Saturday, 10 October 2015

Council estate palimpsest projected

One of the earliest posts on this blog, entitled The Revised Plan took to task a fairly commonplace idea that slum clearances and the re-housing of families in new council estates back in the 1950s and 60s represented little more than a postwar piece of cultural colonization: a vision forged by one section of society to be applied to another, where planners 'uprooted' old, 'cohesive' working class communities and placed them in a take it or leave it house within a new estate on the distant edge of town. This alien, modernist world apparently precluded any hope of ‘spontaneous estate evolution’. At the time, I argued that my parents at that time just wanted a good house in a nice part of town like anyone else, private or public, and I doubted that my Mum (or anyone else on the estate in 'the sixties' for that matter) ever secretly thought about creating an estate ‘happening’ over a cup of tea. 

But now, here I am, the errant, who-would've-thought-it, academic offspring of the condescended - culturally colonising the estate myself by helping to create, in artistic speak, a 'transformative intervention', a 'happening' even, as part of the Back to the Future 1965-2015-2016 project mentioned in previous recent posts. Last night, the second stage of the project - Sharing - took place, where Kate, Steve and I put on a show for the Middlefield Lane estate residents, of images of the place where they live, writ large and projected onto the estate itself.  And the residents (well, some - maybe twenty kids and fifteen adults) came to look on at themselves.

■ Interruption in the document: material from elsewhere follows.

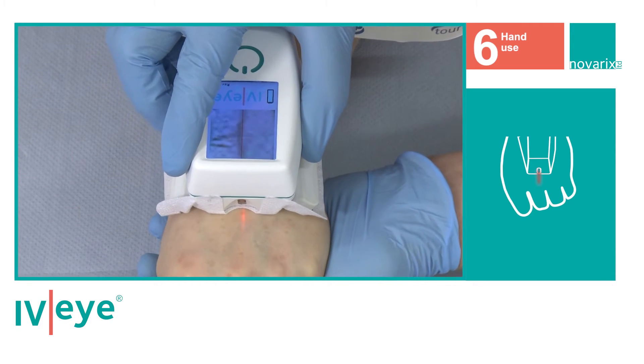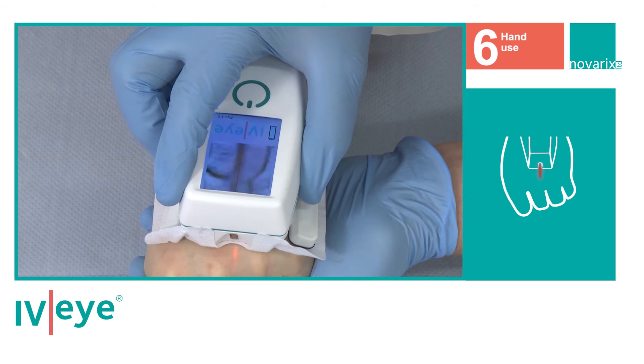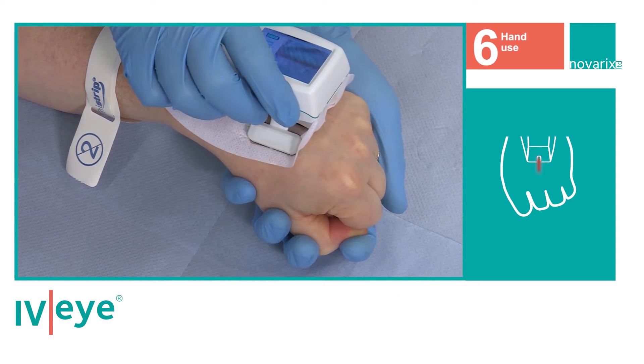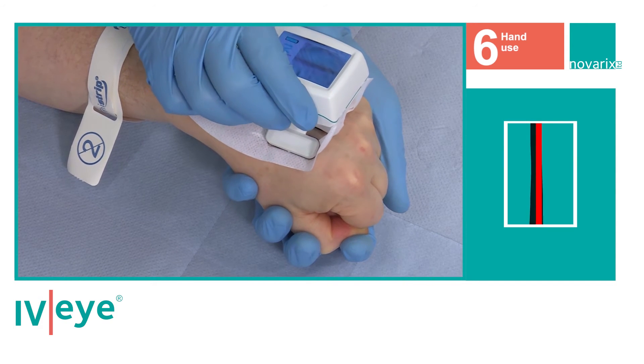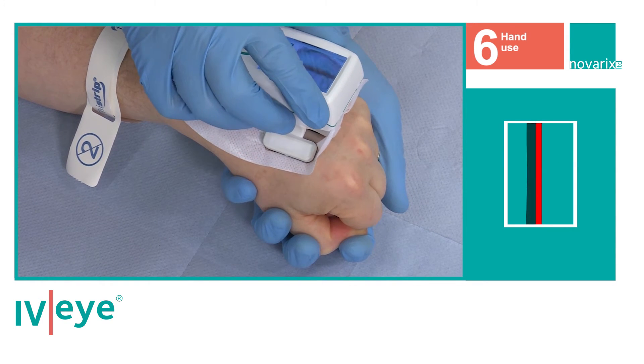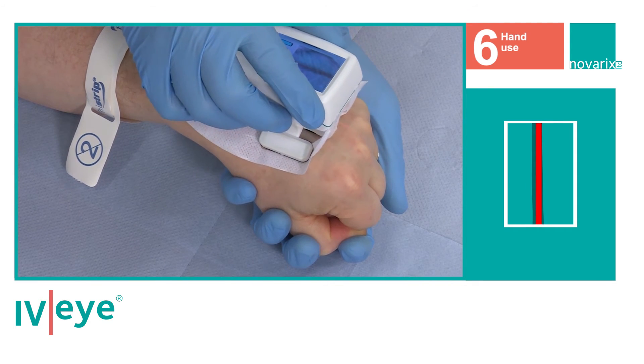Slowly move the IVI across the back of the hand until a suitable vein is identified for cannulation. Once a vein has been identified, track up and down the vein until a straight length of vessel can be aligned with the red centre line on the display.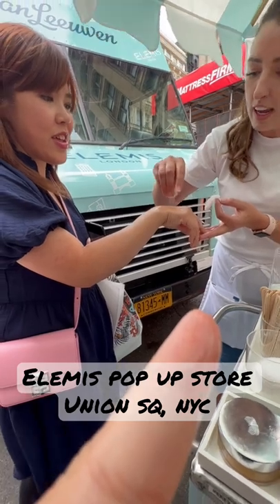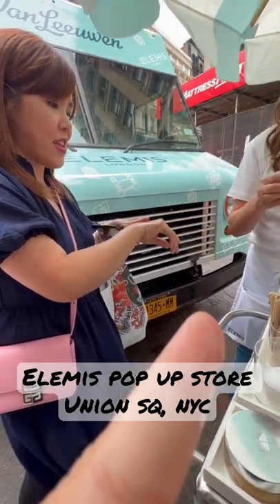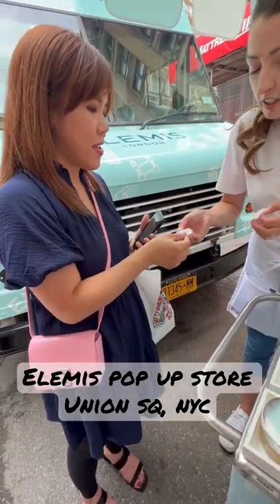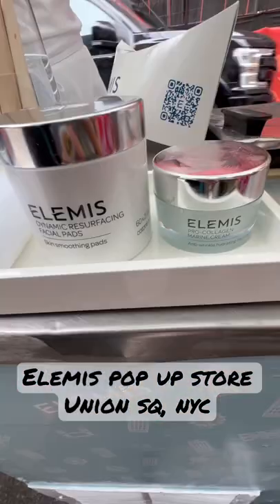Now when you put a little bit of water on it, it's going to change into a milk. It's got like a waffly texture on one side. Use the waffle side all year round.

They seemed to appreciate the spectacle and took lots of photos of the projections, and of their children as they leapt about in front of the images and became absorbed into the summer-long-since-passed representations of themselves. Perhaps we should have done a qualitative feedback questionnaire for everyone to fill in, but where's the fun in that? It was certainly spectacular enough, and often quite breathtakingly beautiful, as I hope the photos below demonstrate. Again, if it just creates a memory that will remain with the children there even as they begin to later forget all the other things about growing up on the estate, then I'll be happy.

Friday, 2 October 2015

Back to the Future 2: Sharing

Last Wednesday, on another beautiful end-of-September morning, I was on the Middlefield Lane estate putting up posters to advertise the next stage of the Back to the Future project. On Friday 9 October, at 7pm, I'll be there again, along with Kate Genever, Steve Pool and the LOV team. After our 3 day visit to the estate in the summer we made a film which we plan to share with the residents as a large-scale projection onto the gable ends of the houses there. We're also showing some wonderful drone aerial footage of the estate so that people can play 'spot our house', and we also plan to hook up a Playstation to the projector so that the kids (young and old) there can play FIFA on a huge scale. Bearing in mind that I can barely get Mario from one stage to another, it should be fun.